ワイヤー矯正 | 歯にワイヤー型の矯正器具を装着します。「目立つ」という最大のデメリットはありますが、細かい調整がしやすく、できるだけ短期間で八重歯を矯正したいという方におすすめです。 |
マウスピース矯正 | 透明なマウスピースを装着して矯正する方法。接客業に従事している方や、矯正していることを周囲に知られたくないという方におすすめです。 |
一般的に、八重歯のみの矯正を行う場合は「部分矯正」というかたちになります。
ただし、八重歯の矯正は、全体の噛み合わせを考慮して慎重に行っていく必要があるため、八重歯の生え方の状態や噛み合わせのバランスによっては、「抜歯」を伴うケースもあります。
部分矯正で対応できる場合 | ・八重歯を矯正しても奥歯の噛み合わせに支障がない
・八重歯の生え方が比較的軽度 |
抜歯が必要な場合 | ・八重歯を矯正すると噛み合わせに問題が起きる
・八重歯の生え方が複雑 |
(4)八重歯はマウスピースで矯正治療できる
王道はワイヤーを歯に装着する矯正方法ですが、「見た目が気になる」という最大のデメリットがあります。接客業に従事している方でも安心して矯正治療を行えるのは、やはりマウスピース矯正です。
マウスピースは透明ですので、前歯に装着してもほとんど目立ちません。人目を気にせず人喋ったり笑ったりすることができますよ。マウスピース矯正には、主に次のメリットがあります。
・透明で目立ちにくい
・脱着が自由で洗浄しやすい
・抜歯をしなくても矯正できる可能性がある
・重度の八重歯にも対応できる
「接客業だからワイヤー矯正はイヤだ」「矯正器具を装着し続けるのは自分には耐えられなさそう」という方は、マウスピース矯正がぴったりです。
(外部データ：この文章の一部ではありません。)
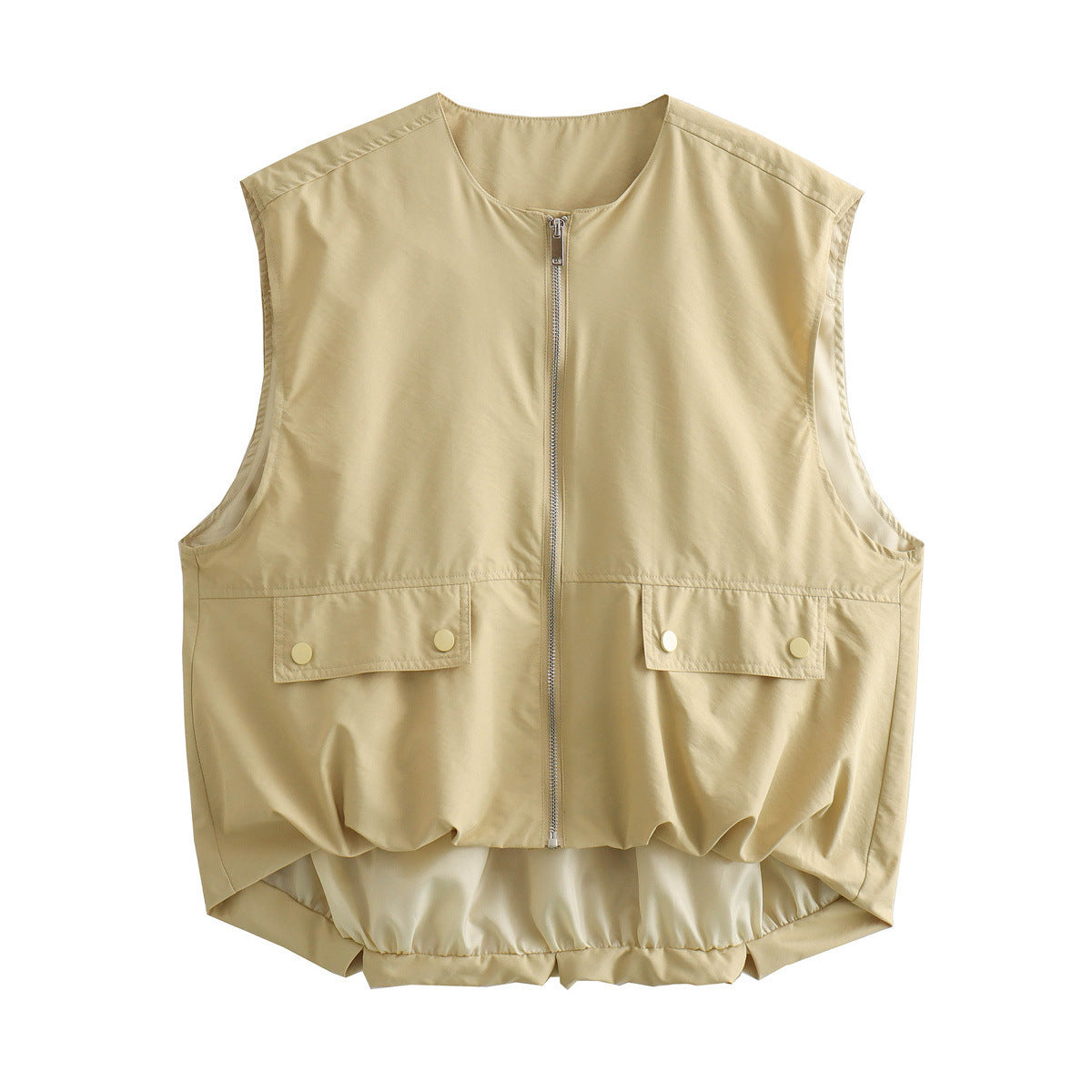 Dames Lichtgewicht Mouwloze Bodywarmer Met Rits En Zakken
近年のマウスピース矯正技術は発達しており、ガタガタな八重歯でもキレイに整えることができます。治療期間は約2~3年ほど。もしもマウスピースでの矯正を望んでいるなら、まずはかかりつけの歯科医院に相談してみましょう。
マウスピース矯正の特徴 | |
治療方法 | 透明なマウスピースを装着し、歯を動かしていくたびに新しいマウスピースを付け替えていく。 |
メリット | ・目立ちにくい
・自由に着脱可能なためTPOに合わせて取り外せる ・簡単に洗浄できるため清潔を保てる ・ほとんど痛くない ・スポーツをしても安心 |
デメリット | ・最低でも1日18時間は装着しなければならない
・重度の八重歯には対応できない可能性もある |
費用相場 | 10~100万円 |
治療期間 | 1~2年ほど |
(5)まとめ
近年は、たとえガタガタな八重歯でもマウスピースで十分に矯正できます。とはいえ、歯科医院によって矯正の腕に違いがありますので、マウスピース矯正に実績のある歯科医院を選ぶようにすることが大切です。